We are allowing the meaning of conservatism to be annexed by a disordered Zeitgeist, which traditional conservatives have been battling steadily since the end of World War II. In the past the primary traits of this Zeitgeist have been Marxist-Leninist in character and interpretation; today it is possessed by idolatrous forms of a continuing debasement that seeks to eradicate the need for roots and the roots of order. It is in this ever-changing, ever-threatening climate, when nothing has a “fixed signification” and everything is tolerated, that committed conservative believers must struggle to hold on to the content of their faith in the face of armed doctrines and violent heresies. 

American conservatism is at the crossroads of its destiny as it labors to preserve its vision and soul. The forces pitted against it are in commanding positions of power, resources, and influence; and their control-centers are well-nigh impregnable: in essence, their goal is to strip conservatism of its basic orientation, thus leaving conservatism monistic and superficial, simply another plaything for hucksters and upstarts emptied of organic meaning and historical memory. 

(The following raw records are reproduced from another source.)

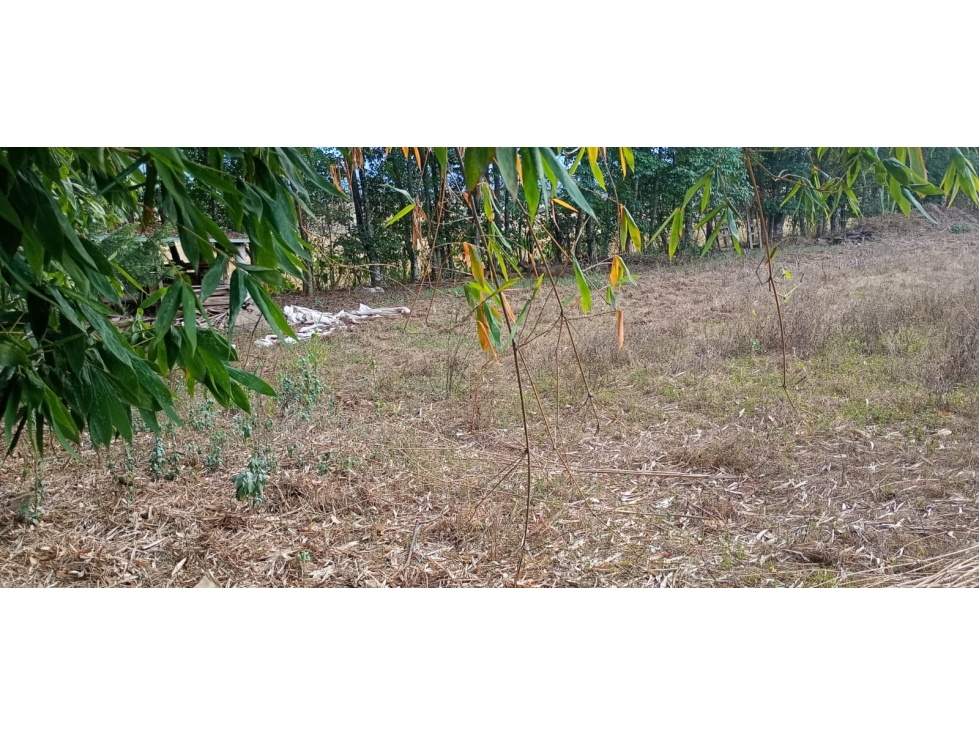 TERRENO EN VENTA EN ACATITLÁN - 1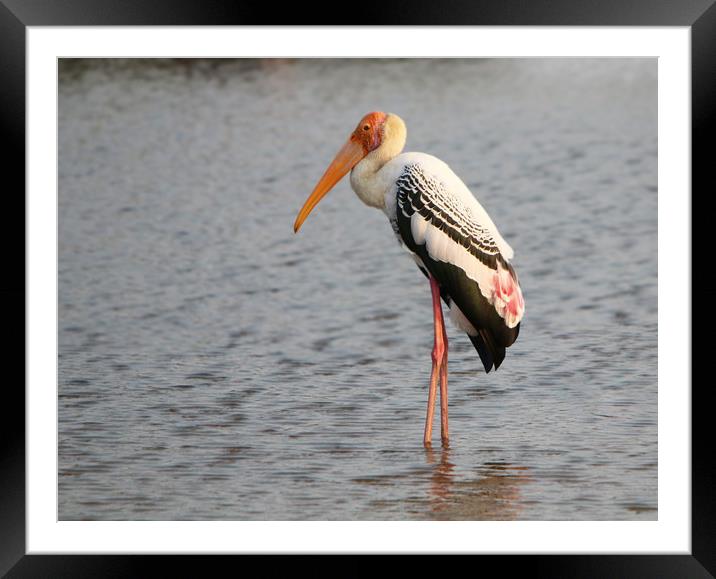 Painted Stork, Yala National Park, Sri Lanka Framed Mounted Print by Simon Marlow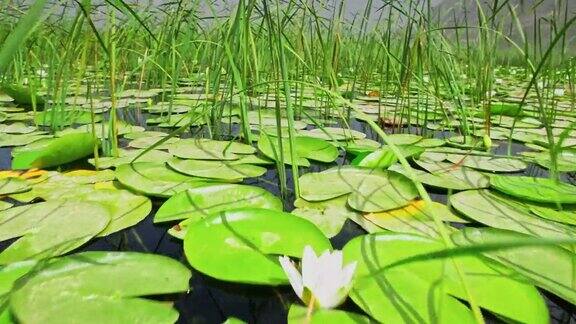 沼泽充满了芦苇和睡莲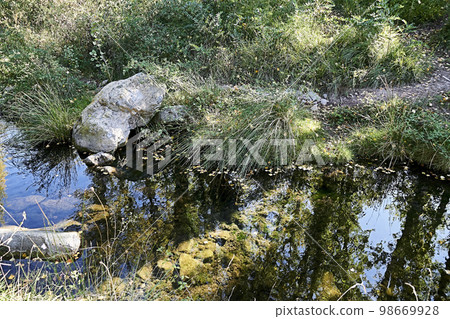 Reflections of vegetation in mountain river 98669928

A conservatism at the mercy of hollow men is inconceivable, and yet cruelly possible, which ultimately makes it necessary to protect and to conserve the soil of conservative thought and consciousness, to which mendacious conservatives are instinctively opposed. The current warfare between a traditionalist and a spurious conservatism is mighty in meaning and import, the outcome of which will have deep and lasting impact on the present and future state of human thinking and cognition, whether of a transfiguring or disfiguring nature. Above all, as we take part in this warfare we must do so by transcending immediate and transitory aims and schemes as these are propagated for popular consumption—and advantage. 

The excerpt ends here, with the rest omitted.